## Input material
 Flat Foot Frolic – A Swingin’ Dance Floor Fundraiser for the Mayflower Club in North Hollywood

---

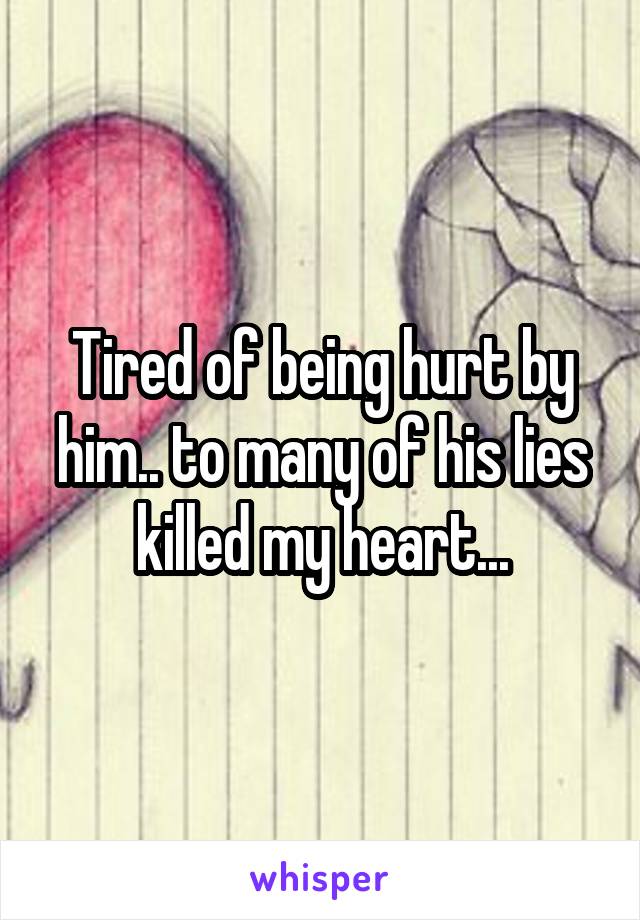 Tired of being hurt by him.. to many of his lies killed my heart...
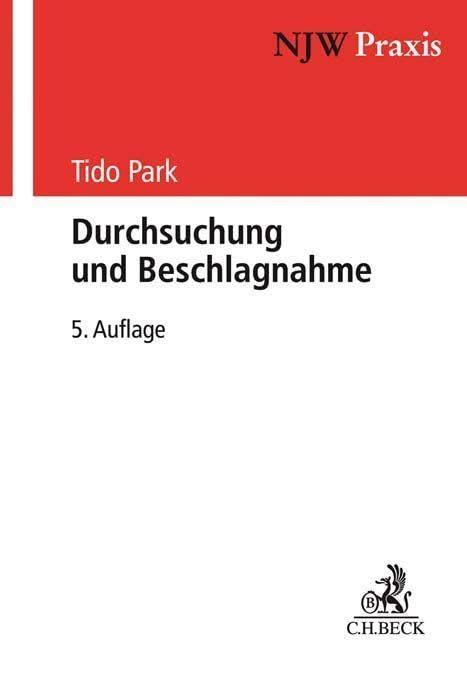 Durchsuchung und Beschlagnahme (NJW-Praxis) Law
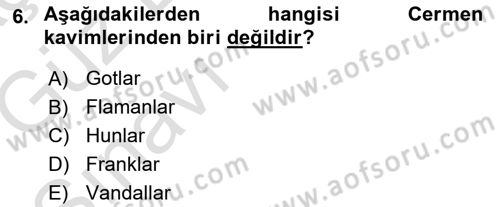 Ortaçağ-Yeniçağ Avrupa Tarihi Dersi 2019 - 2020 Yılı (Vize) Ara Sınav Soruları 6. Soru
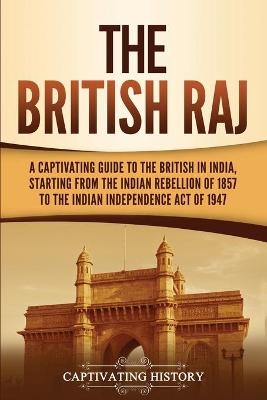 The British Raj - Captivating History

## Problem to solve
Among the lines above, the one with "Durchsuchung und Beschlagnahme" opens the part to repeat and the one with "The British Raj - Captivating History" closes it; repeat only that part exactly, with no pictures.

## Solution for this exercise
 Durchsuchung und Beschlagnahme (NJW-Praxis) Law
 Ortaçağ-Yeniçağ Avrupa Tarihi Dersi 2019 - 2020 Yılı (Vize) Ara Sınav Soruları 6. Soru
 The British Raj - Captivating History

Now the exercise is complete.